**WORK INSTRUCTIONS:** Starting at the line that contains "Cube 2024 Kathmandu", print each line exactly through the end of the listing. Skip any pictures and add nothing.

════════

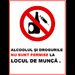 Placuta alcoolul si drogurile nu sunt permise la locul de munca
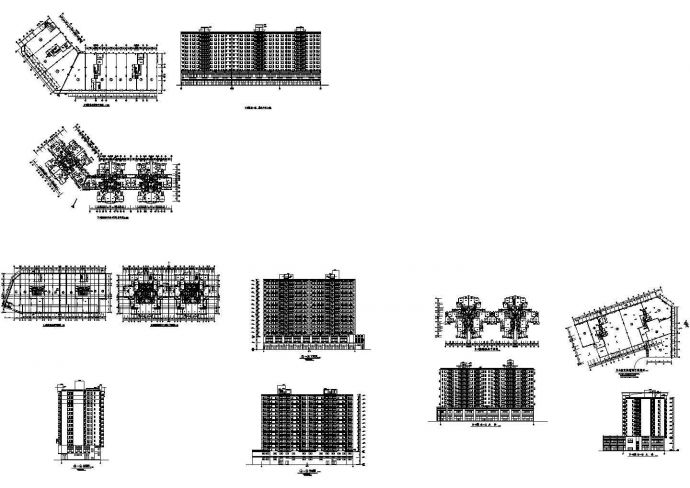 某地带底商高层住宅楼建筑CAD施工图_图1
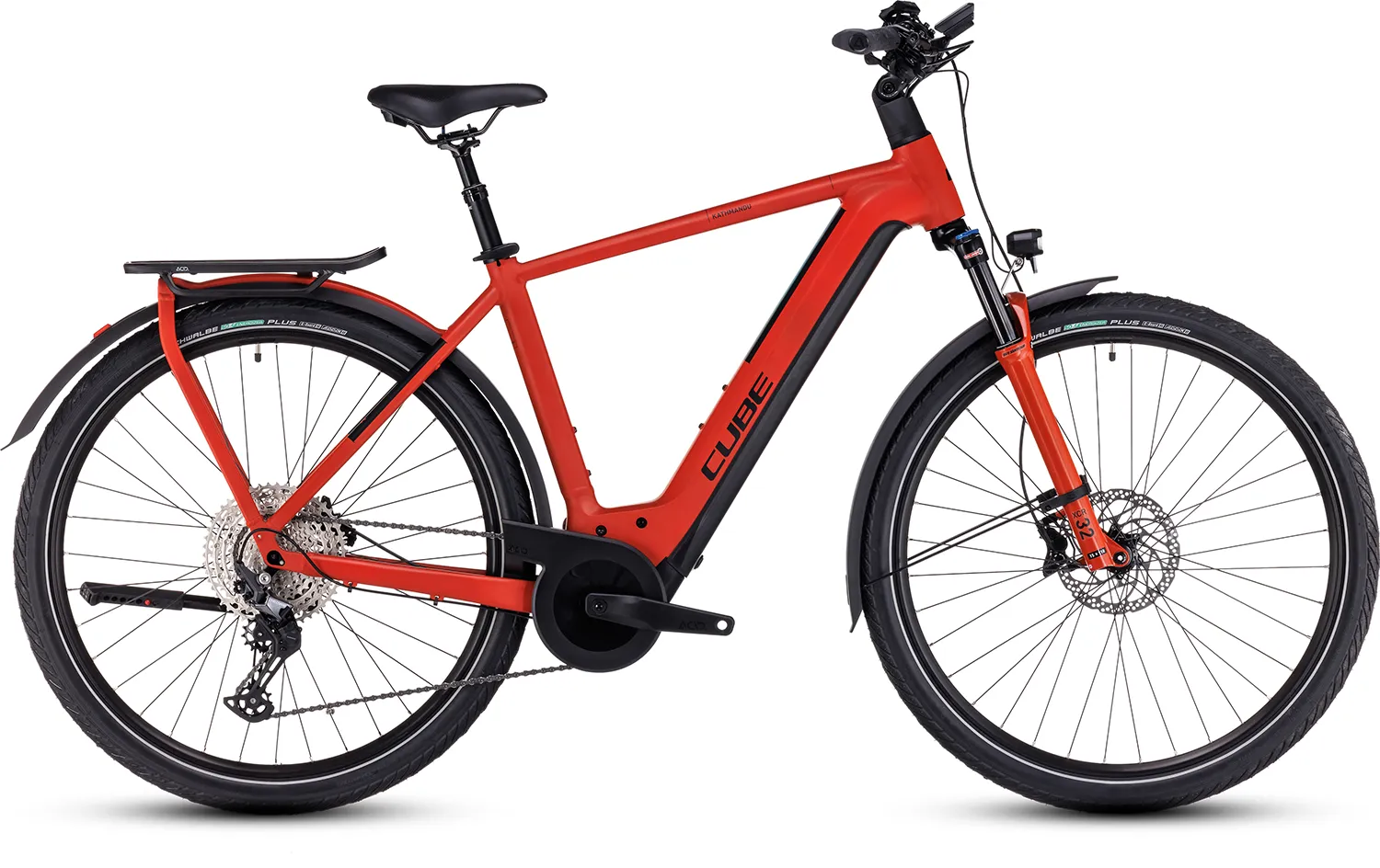 Cube 2024 Kathmandu Hybrid EXC 750 red´n´black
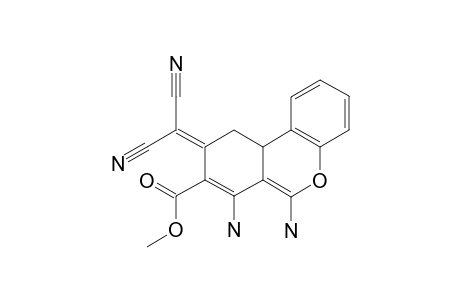 METHYL-6,7-DIAMINO-9-(DICYANOMETHYLIDENE)-10,10A-DIHYDRO-9H-DIBENZO-[B,D]-PYRAN-8-CARBOXYLATE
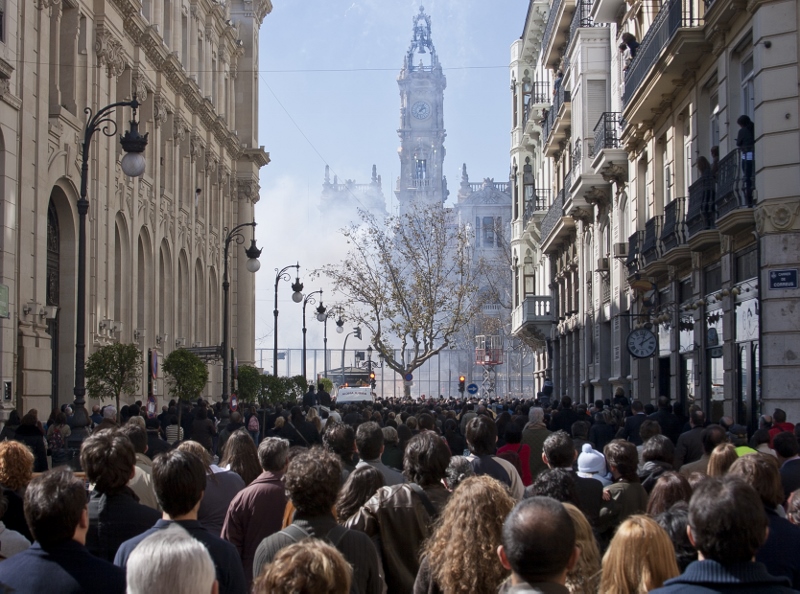 Mascletà (Foto: David Zarzoso)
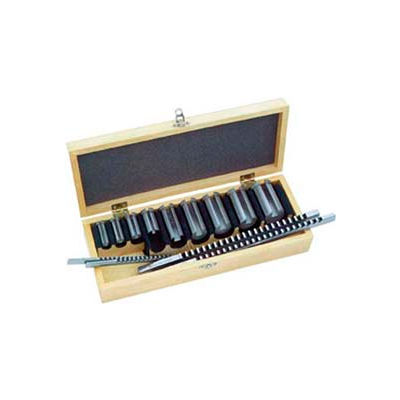 Keyway Broach Set # C-1 Collared,18 Comb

════════

**RESPONSE TO THE TASK:**
 Cube 2024 Kathmandu Hybrid EXC 750 red´n´black
 METHYL-6,7-DIAMINO-9-(DICYANOMETHYLIDENE)-10,10A-DIHYDRO-9H-DIBENZO-[B,D]-PYRAN-8-CARBOXYLATE
 Mascletà (Foto: David Zarzoso)
 Keyway Broach Set # C-1 Collared,18 Comb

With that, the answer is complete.